The bishops of the Church of England [recently] asked the Archbishop of Canterbury to appoint a committee or commission to conduct a study of the ministry of healing, an action which was said to reflect the widespread interest in the subject in Great Britain.

Earlier, the Presbytery of Glasgow named a special committee to investigate divine healing. Similar groups, including one in Edinburgh, had previously been formed throughout Scotland.

And in Canada a spiritual healing movement sponsored by Anglicans has attracted an increasing following during the past few years.

The Anglican bishops carried on an extensive debate before calling for an inquiry into the problems and opportunities of spiritual healing....

The Bishop of Derby, Dr. Edward Albert John Rawlinson, said that the bishops must not deny the possibility of miracles.
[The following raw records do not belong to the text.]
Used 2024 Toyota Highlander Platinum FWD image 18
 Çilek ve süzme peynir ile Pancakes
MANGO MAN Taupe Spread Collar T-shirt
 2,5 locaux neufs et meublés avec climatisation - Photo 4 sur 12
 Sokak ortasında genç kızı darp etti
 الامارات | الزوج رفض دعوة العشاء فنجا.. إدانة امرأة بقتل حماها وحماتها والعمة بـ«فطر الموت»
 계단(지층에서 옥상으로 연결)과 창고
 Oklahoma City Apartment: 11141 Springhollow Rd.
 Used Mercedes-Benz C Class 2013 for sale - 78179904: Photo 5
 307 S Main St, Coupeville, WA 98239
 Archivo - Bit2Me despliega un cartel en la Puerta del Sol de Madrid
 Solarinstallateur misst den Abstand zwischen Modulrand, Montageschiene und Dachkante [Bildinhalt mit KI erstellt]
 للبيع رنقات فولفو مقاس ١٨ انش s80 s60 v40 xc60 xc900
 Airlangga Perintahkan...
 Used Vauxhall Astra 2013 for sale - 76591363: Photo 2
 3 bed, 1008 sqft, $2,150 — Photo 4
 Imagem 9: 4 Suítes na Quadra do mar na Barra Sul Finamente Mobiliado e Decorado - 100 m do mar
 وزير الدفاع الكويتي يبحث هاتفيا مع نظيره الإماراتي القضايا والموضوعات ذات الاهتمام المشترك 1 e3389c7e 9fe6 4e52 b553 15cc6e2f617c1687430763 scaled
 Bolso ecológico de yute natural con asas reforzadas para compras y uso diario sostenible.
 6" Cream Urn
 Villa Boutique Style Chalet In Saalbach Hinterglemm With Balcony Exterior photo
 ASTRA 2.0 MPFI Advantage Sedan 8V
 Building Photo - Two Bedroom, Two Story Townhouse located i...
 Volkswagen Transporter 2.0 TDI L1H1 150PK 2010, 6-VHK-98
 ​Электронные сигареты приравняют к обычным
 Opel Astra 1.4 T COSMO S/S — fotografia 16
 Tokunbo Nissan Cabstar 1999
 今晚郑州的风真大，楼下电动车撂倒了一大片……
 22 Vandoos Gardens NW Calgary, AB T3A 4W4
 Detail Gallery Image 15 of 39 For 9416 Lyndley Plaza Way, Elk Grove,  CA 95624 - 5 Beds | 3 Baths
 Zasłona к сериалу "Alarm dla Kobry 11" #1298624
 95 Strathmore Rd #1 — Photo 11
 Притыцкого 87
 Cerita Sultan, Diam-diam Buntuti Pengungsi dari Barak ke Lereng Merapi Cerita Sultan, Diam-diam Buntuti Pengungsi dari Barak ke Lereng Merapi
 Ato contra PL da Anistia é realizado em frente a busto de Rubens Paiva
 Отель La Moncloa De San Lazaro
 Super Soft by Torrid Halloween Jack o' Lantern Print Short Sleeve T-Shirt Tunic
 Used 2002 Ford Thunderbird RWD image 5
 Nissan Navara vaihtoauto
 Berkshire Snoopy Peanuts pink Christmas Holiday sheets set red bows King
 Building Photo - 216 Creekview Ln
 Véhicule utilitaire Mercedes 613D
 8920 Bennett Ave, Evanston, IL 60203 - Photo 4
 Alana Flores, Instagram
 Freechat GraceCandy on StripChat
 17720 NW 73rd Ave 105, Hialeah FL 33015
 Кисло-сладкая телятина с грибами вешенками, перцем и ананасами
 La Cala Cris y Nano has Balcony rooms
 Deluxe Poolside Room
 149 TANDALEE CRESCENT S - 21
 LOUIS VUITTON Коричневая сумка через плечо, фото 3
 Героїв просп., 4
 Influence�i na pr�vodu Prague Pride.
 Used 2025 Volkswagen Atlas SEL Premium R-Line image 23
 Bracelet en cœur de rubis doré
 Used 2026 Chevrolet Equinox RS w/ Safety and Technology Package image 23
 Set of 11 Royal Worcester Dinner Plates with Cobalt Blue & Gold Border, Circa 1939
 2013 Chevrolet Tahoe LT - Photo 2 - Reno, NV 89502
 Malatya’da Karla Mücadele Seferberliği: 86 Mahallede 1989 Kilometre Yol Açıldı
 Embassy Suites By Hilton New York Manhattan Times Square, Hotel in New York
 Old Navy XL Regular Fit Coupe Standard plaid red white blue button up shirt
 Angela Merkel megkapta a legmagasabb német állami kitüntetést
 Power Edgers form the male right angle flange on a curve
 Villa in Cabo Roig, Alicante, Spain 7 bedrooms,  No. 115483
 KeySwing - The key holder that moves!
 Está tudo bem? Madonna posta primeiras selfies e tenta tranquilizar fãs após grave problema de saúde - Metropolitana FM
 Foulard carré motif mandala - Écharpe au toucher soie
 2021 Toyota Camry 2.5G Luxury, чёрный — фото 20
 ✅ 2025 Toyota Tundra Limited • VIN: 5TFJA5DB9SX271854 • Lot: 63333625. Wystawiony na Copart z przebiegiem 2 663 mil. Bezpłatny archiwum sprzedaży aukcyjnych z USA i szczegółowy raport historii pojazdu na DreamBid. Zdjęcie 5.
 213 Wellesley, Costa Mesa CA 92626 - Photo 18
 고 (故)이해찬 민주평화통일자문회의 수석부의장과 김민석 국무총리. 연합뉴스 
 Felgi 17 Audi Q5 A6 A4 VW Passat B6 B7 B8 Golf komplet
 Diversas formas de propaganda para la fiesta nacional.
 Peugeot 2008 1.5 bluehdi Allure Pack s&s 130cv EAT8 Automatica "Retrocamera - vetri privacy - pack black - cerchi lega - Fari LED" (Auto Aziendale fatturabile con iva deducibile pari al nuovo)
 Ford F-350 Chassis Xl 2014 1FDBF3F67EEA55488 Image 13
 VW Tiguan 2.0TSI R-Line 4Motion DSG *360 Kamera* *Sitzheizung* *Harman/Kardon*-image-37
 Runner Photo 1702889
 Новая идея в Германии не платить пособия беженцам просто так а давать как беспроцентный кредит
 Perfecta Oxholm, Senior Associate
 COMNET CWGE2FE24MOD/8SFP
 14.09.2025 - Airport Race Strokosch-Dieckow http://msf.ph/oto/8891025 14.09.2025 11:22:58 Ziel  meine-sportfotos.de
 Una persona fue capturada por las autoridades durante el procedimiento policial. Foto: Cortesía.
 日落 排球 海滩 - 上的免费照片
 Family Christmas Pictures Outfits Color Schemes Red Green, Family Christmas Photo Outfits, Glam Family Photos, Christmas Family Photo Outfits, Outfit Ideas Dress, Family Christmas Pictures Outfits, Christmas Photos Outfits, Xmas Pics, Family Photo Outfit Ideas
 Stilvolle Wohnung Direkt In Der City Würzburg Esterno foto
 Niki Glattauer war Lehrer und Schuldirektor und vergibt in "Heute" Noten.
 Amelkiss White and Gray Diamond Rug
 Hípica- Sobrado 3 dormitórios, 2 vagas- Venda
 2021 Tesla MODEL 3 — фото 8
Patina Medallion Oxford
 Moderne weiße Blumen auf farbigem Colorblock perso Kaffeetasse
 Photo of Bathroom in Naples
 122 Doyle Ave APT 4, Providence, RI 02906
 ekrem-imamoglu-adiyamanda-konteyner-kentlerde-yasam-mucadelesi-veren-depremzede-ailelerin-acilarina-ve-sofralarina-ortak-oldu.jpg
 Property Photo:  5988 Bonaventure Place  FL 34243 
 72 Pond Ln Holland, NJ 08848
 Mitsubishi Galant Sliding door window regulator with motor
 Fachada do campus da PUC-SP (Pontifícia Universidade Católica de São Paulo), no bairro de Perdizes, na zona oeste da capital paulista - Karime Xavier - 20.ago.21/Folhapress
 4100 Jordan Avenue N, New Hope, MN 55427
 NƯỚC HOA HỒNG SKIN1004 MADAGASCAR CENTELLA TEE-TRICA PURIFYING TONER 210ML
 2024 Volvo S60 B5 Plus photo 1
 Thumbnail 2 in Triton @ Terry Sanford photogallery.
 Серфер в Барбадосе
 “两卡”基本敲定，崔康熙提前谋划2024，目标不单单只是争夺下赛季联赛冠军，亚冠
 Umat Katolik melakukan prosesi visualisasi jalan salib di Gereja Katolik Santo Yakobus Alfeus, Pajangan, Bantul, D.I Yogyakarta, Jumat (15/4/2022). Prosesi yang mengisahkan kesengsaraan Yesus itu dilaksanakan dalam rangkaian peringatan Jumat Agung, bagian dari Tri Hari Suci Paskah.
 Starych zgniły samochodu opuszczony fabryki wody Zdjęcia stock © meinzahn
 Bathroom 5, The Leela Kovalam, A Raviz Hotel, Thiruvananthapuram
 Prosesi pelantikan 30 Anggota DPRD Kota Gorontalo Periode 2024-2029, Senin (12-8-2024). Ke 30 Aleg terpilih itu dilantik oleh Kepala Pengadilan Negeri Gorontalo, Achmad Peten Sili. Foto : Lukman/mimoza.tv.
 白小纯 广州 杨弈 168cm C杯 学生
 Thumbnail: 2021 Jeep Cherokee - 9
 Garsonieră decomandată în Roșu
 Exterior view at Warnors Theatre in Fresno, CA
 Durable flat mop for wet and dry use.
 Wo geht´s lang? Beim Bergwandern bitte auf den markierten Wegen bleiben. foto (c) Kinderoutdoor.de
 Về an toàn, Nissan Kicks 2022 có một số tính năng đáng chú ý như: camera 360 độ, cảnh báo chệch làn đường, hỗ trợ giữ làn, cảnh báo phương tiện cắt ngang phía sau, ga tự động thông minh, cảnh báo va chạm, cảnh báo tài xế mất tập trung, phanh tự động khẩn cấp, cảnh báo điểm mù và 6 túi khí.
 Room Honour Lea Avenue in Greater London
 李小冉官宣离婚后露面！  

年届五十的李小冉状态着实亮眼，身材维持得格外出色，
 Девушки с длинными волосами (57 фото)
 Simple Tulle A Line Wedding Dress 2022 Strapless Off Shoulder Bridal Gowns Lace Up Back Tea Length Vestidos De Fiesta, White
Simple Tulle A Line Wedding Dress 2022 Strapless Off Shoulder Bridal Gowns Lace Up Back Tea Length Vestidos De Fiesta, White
Dr. C. M. Chavasse, Bishop of Rochester, said that a doctor had told him of three cases of cures which looked like miracles.

"There is no doubt that there is an unexplained force, and we may be on the verge of some outstanding discoveries," said Dr. Edward Sydney Woods, Bishop of Lichfield, in urging full investigation of the question.

Coming from respected Anglican bishops such statements drew wide interest....

Of equal importance is the seriousness with which divine healing is being taken in the Church of Scotland. Here some study groups are concerned primarily with individual and group prayer in the treatment of ailments, others with pastoral psychology, and still others with the "laying on of hands."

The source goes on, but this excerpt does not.